『弁論家の教育』の限界
出典: フリー百科事典『ウィキペディア(Wikipedia)』 (2022/05/13 04:22 UTC 版)
「クインティリアヌス」の記事における「『弁論家の教育』の限界」の解説
『弁論家の教育』にはこれまでいくつかの限界が指摘されてきた。その中には、あまりにも修辞学の修養に陥っているという指摘がある。クインティリアヌスの地位と職業ゆえに、外側から修辞学を見ることができなかったのである。したがって、クインティリアヌスがその価値についていくつかの疑いを思ってみることは難しかったのだろう。

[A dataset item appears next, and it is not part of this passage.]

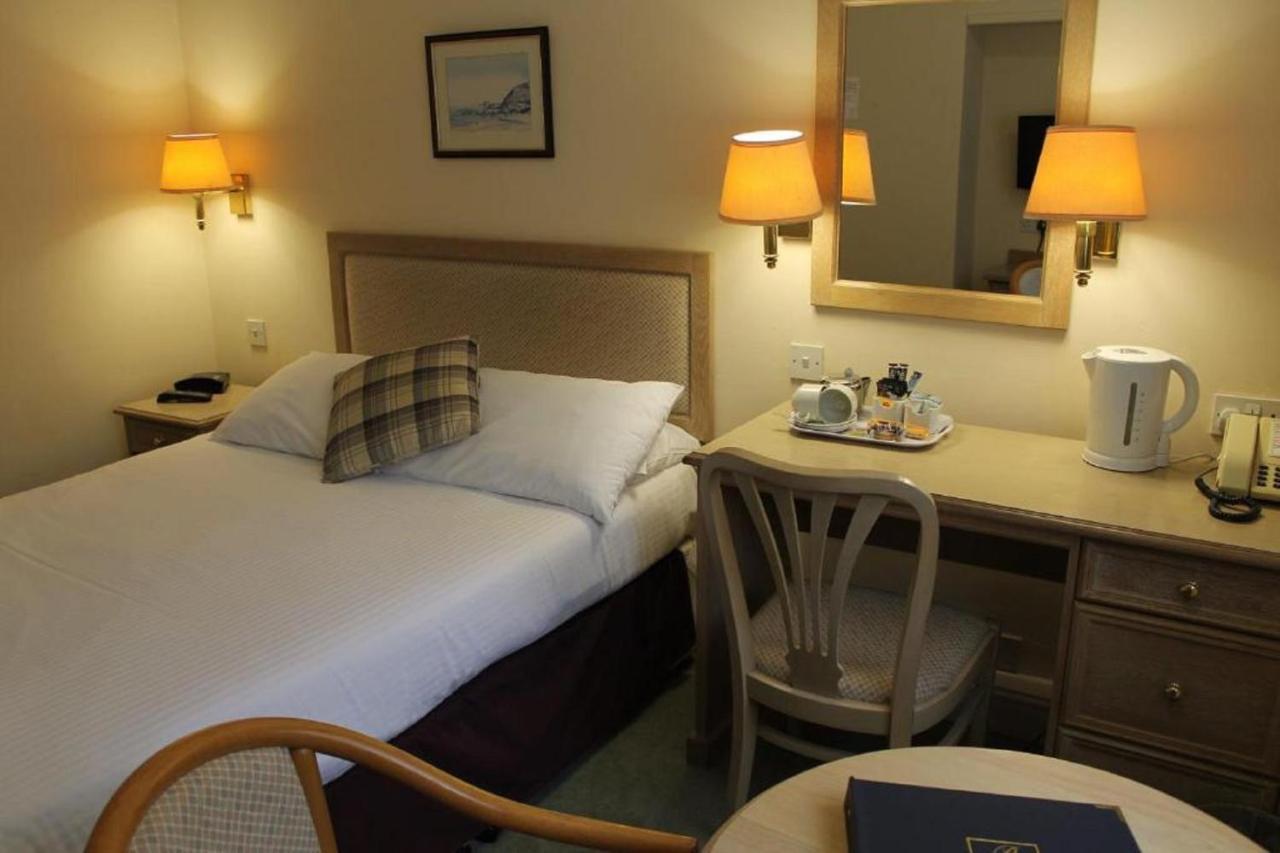 Penmere Manor Hotel ฟาลมัธ ภายนอก รูปภาพ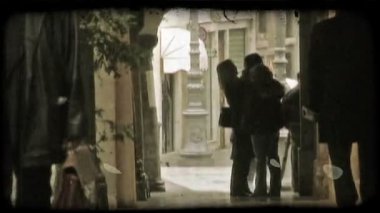 İnsanlar yürüyüş ve İtalya sokakta tribünde. Vintage stilize video klip.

クインティリアヌスの道徳的に良い人間としての弁論家の概念もそれを表している—— クインティリアヌスにとっての修辞学はそれ自身の中に本質的に善であったのだ。それはさらに、クインティリアヌスの哲学観にも反映している。クインティリアヌスは「修辞学をすべての教育の基礎と考え、哲学はその優位性への挑戦だと見ていた」。 クインティリアヌスのもう一つの限界は、必然的に彼自身が自己の教育的伝統の犠牲者であることである。先述したように、クインティリアヌスは美辞麗句だらけの極度に修辞的な言葉の時代に生きた。その中でクインティリアヌスは、自然な言語を好み、また、言葉が教えられるやり方の中にある程度の単純さを投げこもうと試みたものの、流行には逆らえず、時代の不自然な言語を受け入れることを余儀なくされた。 最後に、ある人たちは、クインティリアヌスの理想とする弁論家の概念に疑問を持っている。『弁論家の教育』の中で指示される教育は、これまで存在しなかったし、おそらくこれからも現れないであろう人物を作ることを目論んでいた。クインティリアヌスはキケロの時代からの変化にわざと気付いていないように見える。もし居場所がどこにもないのなら、この完璧な弁論家は何のために作られるのであろうかというのである。